The $55,319 Question — And Why It Should Never Have Taken This Long
- Kathleen Sposato
- 1 day ago
- 3 min read
For months, one simple question went unanswered:
Who authorized the transfer of $55,319 from the Board of Education’s non-lapsing fund?
It should have been an easy answer.
It wasn’t.
The Runaround
What followed were months of circular conversations, missing documentation, and unanswered requests.
I asked repeatedly:
Why do we keep reporting drastically different balances in that account?
Why did the auditor note a different amount on the Board of Ed books versus the Town's books?
Under what authority was the money moved?
Where was the vote?
Which governing body approved the transfer? Did they have the right to?
No one could provide a clear answer. In fact, I was ignored on multiple occasions for asking these simple questions. Ignored by the people elected to be in charge of YOUR tax dollars.
It wasn’t until I:
Tracked down the applicable Connecticut statute myself
Spoke directly with the town auditor
Reviewed meeting minutes line by line
…that the truth became clear:
The appropriate governing body never voted to transfer the funds.

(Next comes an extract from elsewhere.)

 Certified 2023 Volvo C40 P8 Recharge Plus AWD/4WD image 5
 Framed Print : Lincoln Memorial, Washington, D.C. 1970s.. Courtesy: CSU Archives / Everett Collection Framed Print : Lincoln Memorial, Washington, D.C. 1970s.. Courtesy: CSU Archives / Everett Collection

Let that sink in.
The Cost of Avoidance
While basic questions went unanswered, time — and taxpayer dollars — were spent elsewhere.
Legal counsel was consulted.
But here’s the problem:
That legal review was never shared with the full Board of Education.
Despite multiple requests.
Despite documented follow-ups.
Despite the request even appearing in an official meeting packet, after more than 15+ emails, just to have it included publicly.
Transparency shouldn’t require persistence at this level.
The “Resolution”
After months of confusion, the Board of Education ultimately did what should have happened from the start:
We voted to take back the $55,319 and apply it to our own budget — specifically to offset special education overages.
The discussion that led to this decision was telling.
There was:
No acknowledgment of the months of questions
No recognition of the research that uncovered the issue
No explanation of how this happened in the first place
Instead, the conversation was reduced to this:
“Since we are over budget… the easiest thing for everybody concerned would be to take that money from the non-lapsing fund and use it for the special ed over right now…”
That was it.
No accountability.
No transparency.
No reflection.
Why This Matters
This was never just about $55,319.
It was about:
Process
Accountability
Respect for governing authority
Transparency to the public
If a transfer like this can happen without a vote, without documentation, and without clear answers…
What else is being missed?
The Bigger Concern
What’s most troubling is not just the error, but the response to it.
Questions were treated as inconveniences
Information was withheld or delayed
Transparency had to be forced, not offered
And ultimately, the issue was quietly corrected — without addressing how it happened.
That’s not how good governance works.
Moving Forward
The Board of Education made the right decision in the end.
But the path to get there exposed serious gaps that cannot be ignored.
We owe it to the community to ensure:
Decisions are properly authorized
Financial actions are clearly documented
Legal guidance is shared with the full board — not selectively withheld
Questions are answered the first time they are asked
Because residents deserve more than last-minute corrections.
They deserve confidence in the process from the start.
Final Thought
This situation didn’t resolve because the system worked.
It was resolved because someone refused to stop asking questions.
And that should concern everyone.
Legal Disclaimer: The views expressed here are my own and do not represent the official position of the Pomfret Board of Education.